## Problem description
Where the listing below reaches the line containing "Koton Beli Lastikli", start writing out lines exactly, and stop once the line containing "Fragments #4: Asem" has been written.

## Task data

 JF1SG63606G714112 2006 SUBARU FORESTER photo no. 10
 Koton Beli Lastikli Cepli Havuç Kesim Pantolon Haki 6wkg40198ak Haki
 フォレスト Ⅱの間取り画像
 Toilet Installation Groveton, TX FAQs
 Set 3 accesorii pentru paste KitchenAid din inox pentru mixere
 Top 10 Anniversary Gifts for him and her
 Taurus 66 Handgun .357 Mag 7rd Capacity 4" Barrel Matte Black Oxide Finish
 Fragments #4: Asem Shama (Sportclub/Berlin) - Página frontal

* * *

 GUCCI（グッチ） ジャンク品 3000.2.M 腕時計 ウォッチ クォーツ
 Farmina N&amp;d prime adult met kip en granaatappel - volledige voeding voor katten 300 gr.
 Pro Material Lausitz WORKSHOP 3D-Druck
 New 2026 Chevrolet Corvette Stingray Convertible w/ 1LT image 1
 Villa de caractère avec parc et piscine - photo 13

---

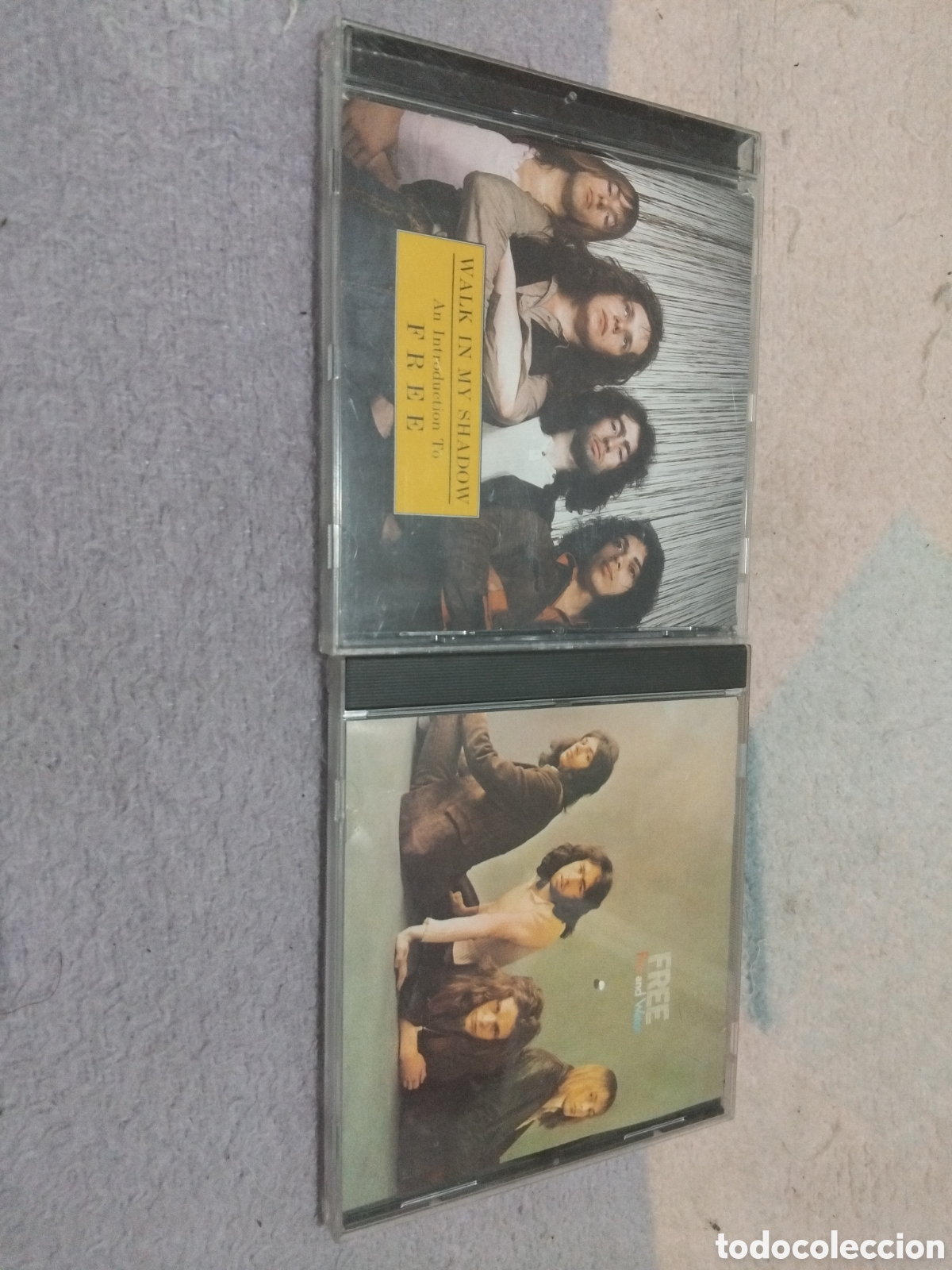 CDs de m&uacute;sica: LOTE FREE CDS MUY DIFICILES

## Output
 Koton Beli Lastikli Cepli Havuç Kesim Pantolon Haki 6wkg40198ak Haki
 フォレスト Ⅱの間取り画像
 Toilet Installation Groveton, TX FAQs
 Set 3 accesorii pentru paste KitchenAid din inox pentru mixere
 Top 10 Anniversary Gifts for him and her
 Taurus 66 Handgun .357 Mag 7rd Capacity 4" Barrel Matte Black Oxide Finish
 Fragments #4: Asem Shama (Sportclub/Berlin) - Página frontal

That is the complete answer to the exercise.